INBERITA.COM, Perselisihan antara Sarwendah dan Ruben Onsu kembali menjadi sorotan publik setelah beredarnya rekaman CCTV yang memperlihatkan keduanya terlibat pertengkaran.
Video tersebut sebelumnya diungkap oleh kuasa hukum Ruben Onsu, Minola Sebayang, sebagai respons terhadap pernyataan Sarwendah yang menyebut tidak pernah bertengkar di depan anak-anak.
Menanggapi ramainya perbincangan, Sarwendah akhirnya menyampaikan versinya mengenai kejadian yang terekam dalam video tersebut.
Melalui unggahan di akun Instagram pribadinya, ia menjelaskan bahwa rekaman itu tidak dapat dipahami hanya dari potongan video yang beredar karena memiliki latar belakang yang lebih panjang.
Menurut Sarwendah, pertengkaran tersebut terjadi pada 4 Maret 2024, saat keluarganya tengah bersiap meninggalkan rumah sewaan di kawasan Pondok Indah yang masa sewanya akan berakhir.
Ia mengaku mengusulkan agar keluarga kembali menempati rumah lama sebagai langkah penghematan karena kondisi keuangan saat itu sedang tidak memungkinkan.
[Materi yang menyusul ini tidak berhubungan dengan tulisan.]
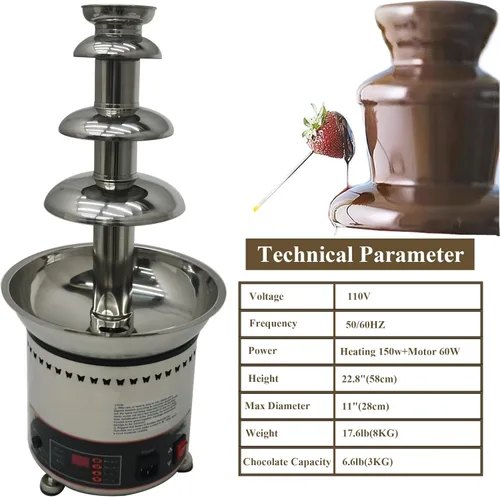 Miniatura 5 de Máquina de fuente de chocolate para fiesta, 4 niveles, acero inoxidable, fuente de chocolate caliente, fuente de cascada, fuente de fondue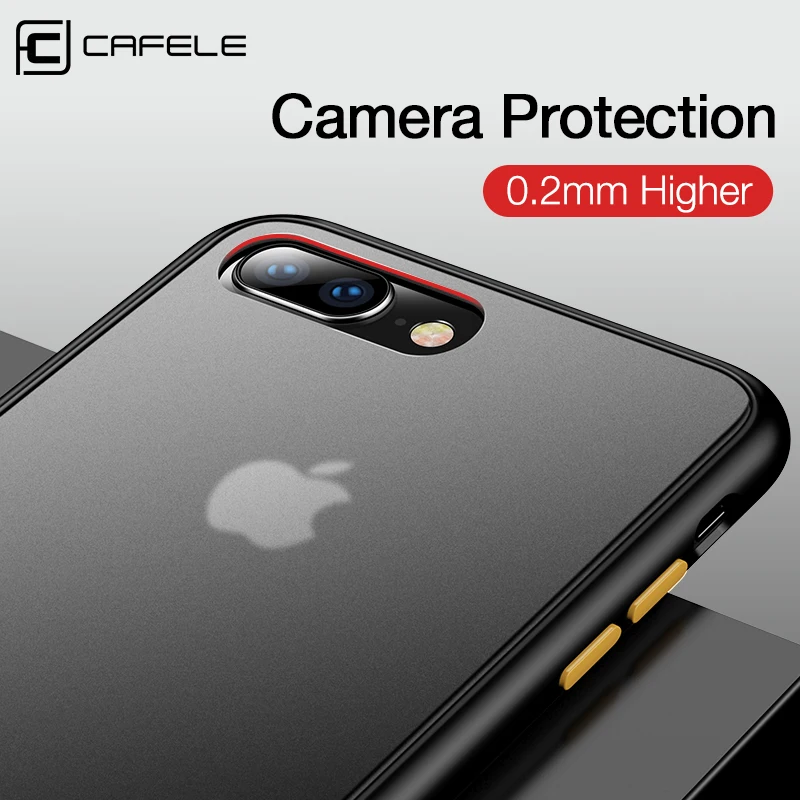 CAFELE чехол для телефона для iPhone 7, 8, 7 plus, 8 plus, PC, жесткая задняя крышка с силиконовым чехлом, чехол с мягкими краями, полупрозрачная задняя крышка для iPhone 7, 8 Plus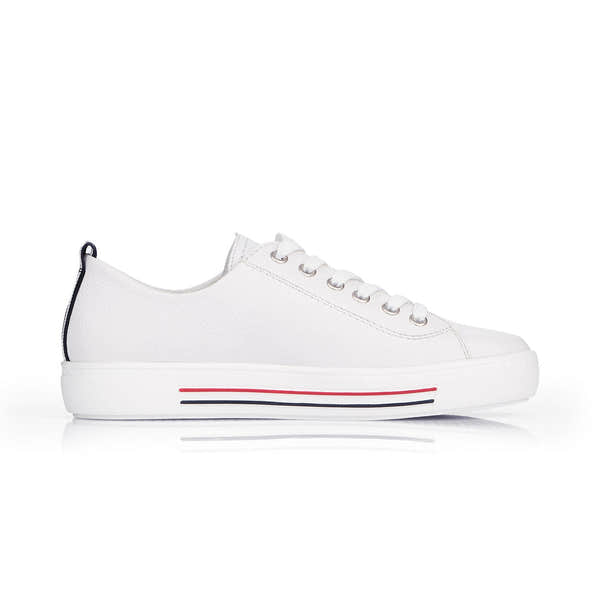Remonte D0900-80 Ladies White Leather Lace up Trainer - elevate your sole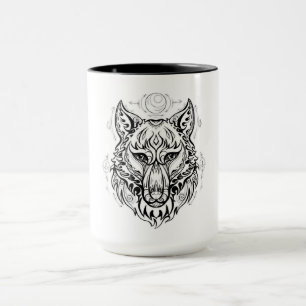 Wolf head with ethnic decorations  mug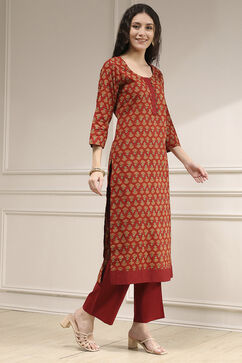 Red Cotton Screen Print Unstitched Suit Set image number 6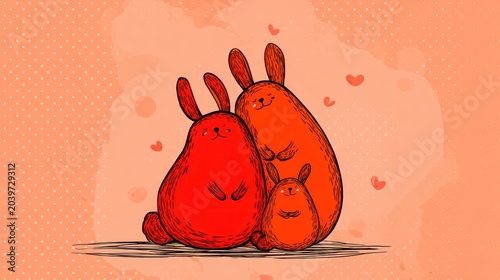 Three plump cartoon rabbits huddle together against a soft, textured background with floating hearts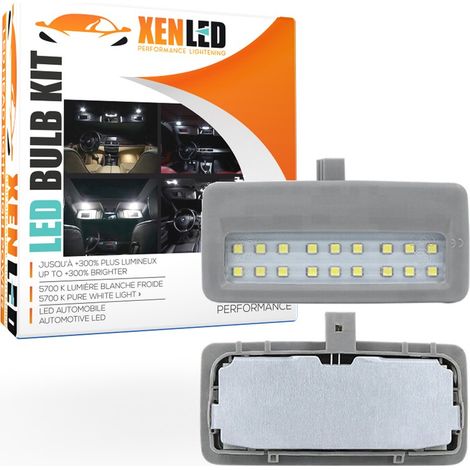Plafonniers miroir intérieur LED BMW F01 F02 F03 F04 F07 F10 F11 - BLANC 6000K - Finition grise, la paire (1/5)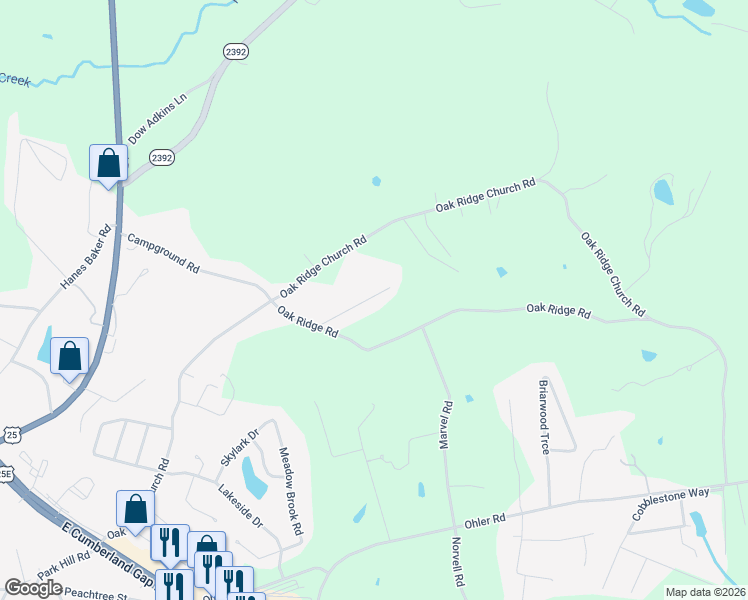 map of restaurants, bars, coffee shops, grocery stores, and more near 114 Tuit Acres Road in Corbin
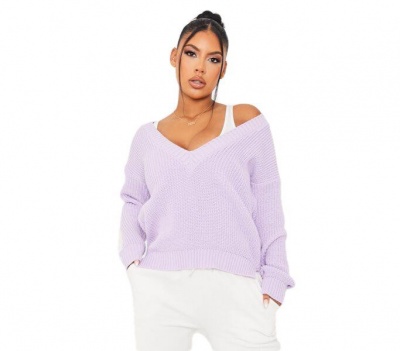 Photo of I Saw it First - Ladies Lilac V Neck Ribbed Long Sleeve Jumper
Namun, usulan tersebut tidak berjalan sesuai harapan. Sarwendah mengaku diberi tahu bahwa telah dilakukan penyewaan apart-hotel selama satu bulan dengan biaya sekitar Rp120 juta.
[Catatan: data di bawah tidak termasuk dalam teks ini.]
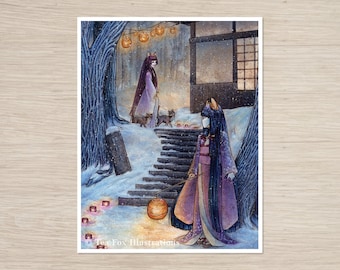 May include: Watercolor illustration of two figures in traditional Japanese attire with fox-like features, walking in a snowy landscape. One figure leads cats on a leash. Lanterns and a building are in the background. The artwork is signed "Tea Fox Illustrations."
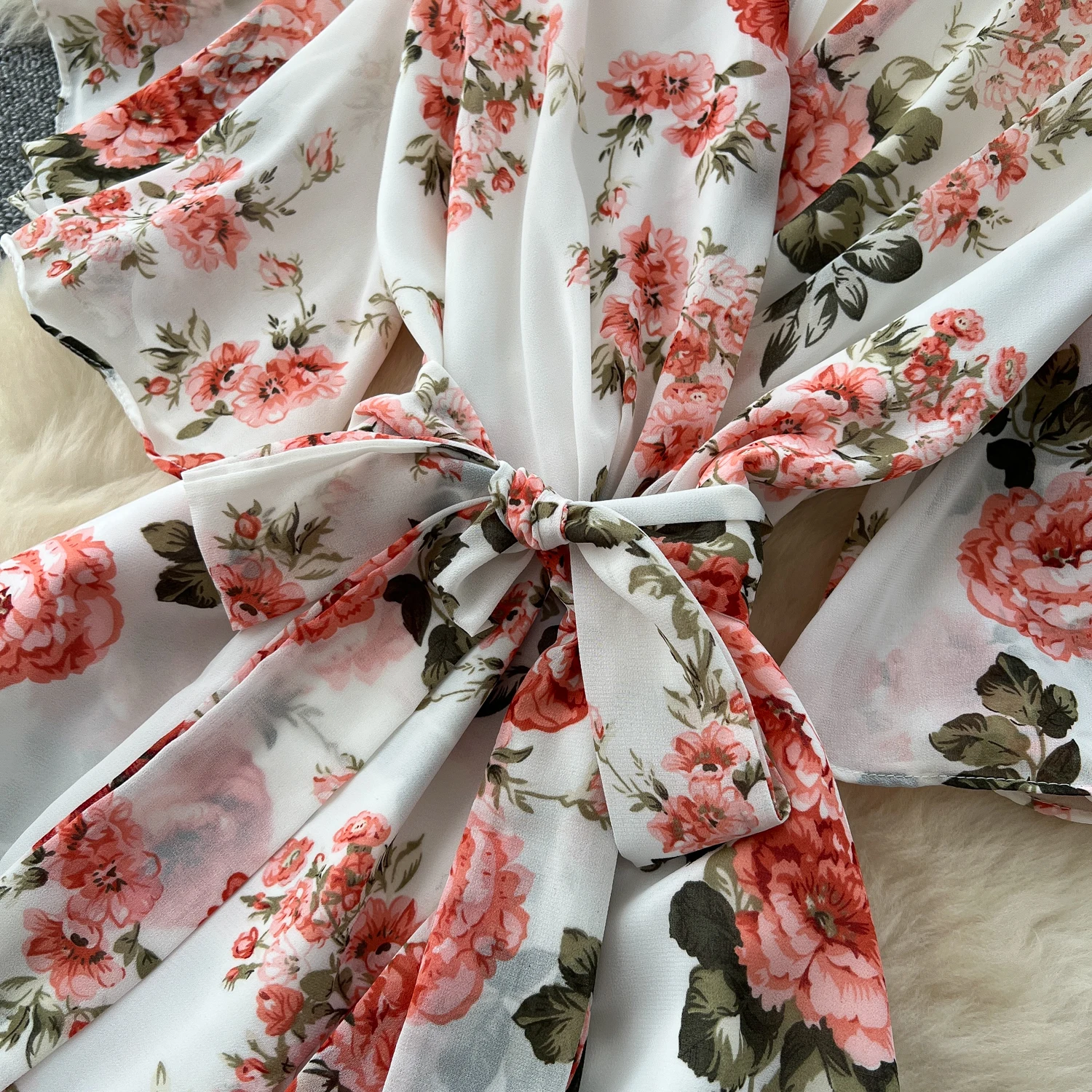 Elegancka sukienka w stylu vintage z dekoltem w serek, asymetryczna, dopasowana, w stylu koreańskim, boho, długa sukienka letnia dla kobiet.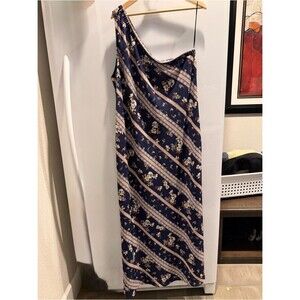 Chelsea28 Navy One-Shoulder Floral Maxi with Cream Accents XL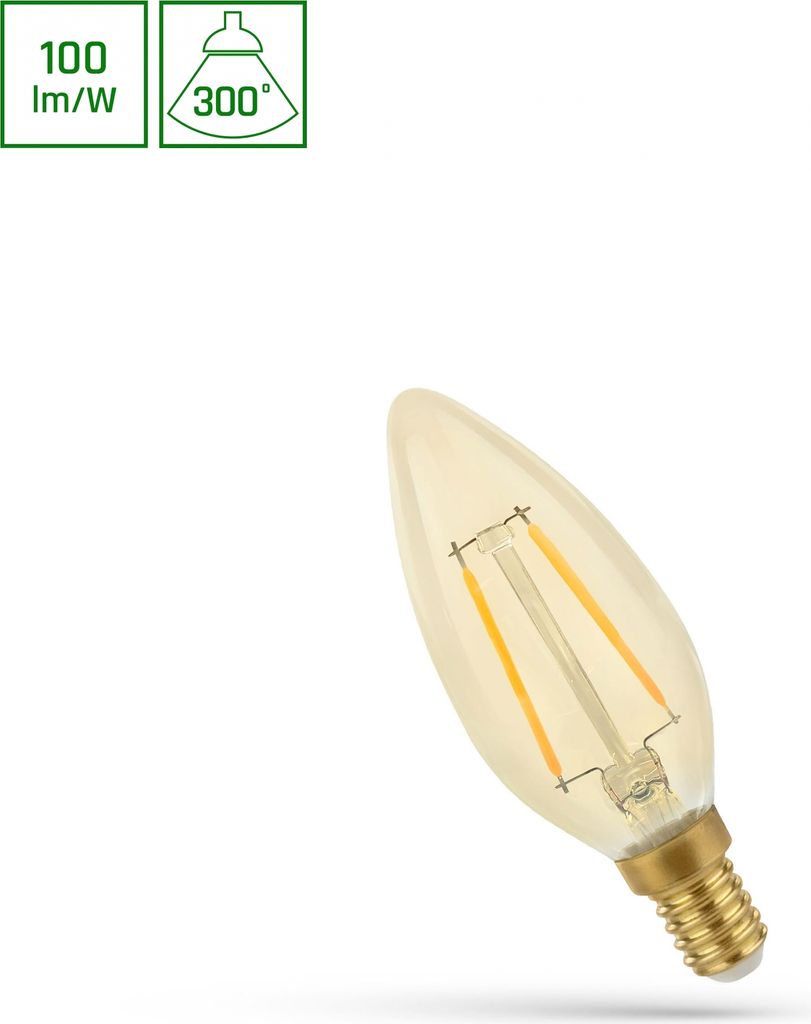 Spectrum LED E14 C35 Retroshine 5W Filament klar 490lm Produktbild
“4 Maret 2024. Video ini berawal saat masa sewa rumah di Pondok Indah akan berakhir. Karena kondisi keuangan saat itu, saya mengusulkan agar kami kembali ke rumah lama. Namun, saat itu saya diberitahu bahwa sudah disewa apart-hotel selama satu bulan dengan biaya sekitar Rp120 juta,” tulis Sarwendah.
Ia menilai dana sebesar itu seharusnya dapat dialokasikan untuk kebutuhan yang lebih mendesak, terutama berkaitan dengan anak-anak maupun tempat tinggal keluarga.
Selain persoalan biaya, Sarwendah mengatakan dirinya sempat meminta agar jadwal kepindahan diundur dari 8 Maret menjadi 12 Maret karena anak-anak masih menikmati masa liburan.
Ia juga meminta nomor kontak pihak marketing agar dapat mengurus perubahan jadwal tersebut secara langsung.
Menurut pengakuannya, permintaan tersebut tidak dipenuhi sehingga perbedaan pendapat terus berkembang menjadi perdebatan yang semakin emosional.
Sarwendah mengungkapkan situasi memanas ketika pembicaraan mengenai jadwal kepindahan berlangsung. Ia menyebut Ruben Onsu membanting pintu hingga suasana berubah menjadi pertengkaran yang akhirnya terekam kamera pengawas.
“Perbedaan soal jadwal pindah dari tanggal 8 ke 12 dan permintaan saya untuk menghubungi pihak marketing akhirnya memicu perdebatan. Di tengah pembicaraan tersebut, suasana memanas. Beliau membanting pintu dan percakapan berubah menjadi pertengkaran,” tulisnya.
Ia juga menegaskan bahwa kemarahannya dalam rekaman tersebut bukan muncul karena satu persoalan semata. Menurut Sarwendah, insiden itu merupakan akumulasi dari berbagai persoalan yang telah lama dipendam selama menjalani kehidupan rumah tangga.
Munculnya dua versi penjelasan dari masing-masing pihak membuat polemik ini semakin menyita perhatian publik. Hingga kini, baik Sarwendah maupun Ruben Onsu masih menyampaikan pandangan mereka melalui kuasa hukum dan media sosial masing-masing.
Sementara itu, perdebatan mengenai konteks video yang beredar masih menjadi bagian dari proses penyelesaian konflik pribadi yang kini turut menjadi konsumsi publik.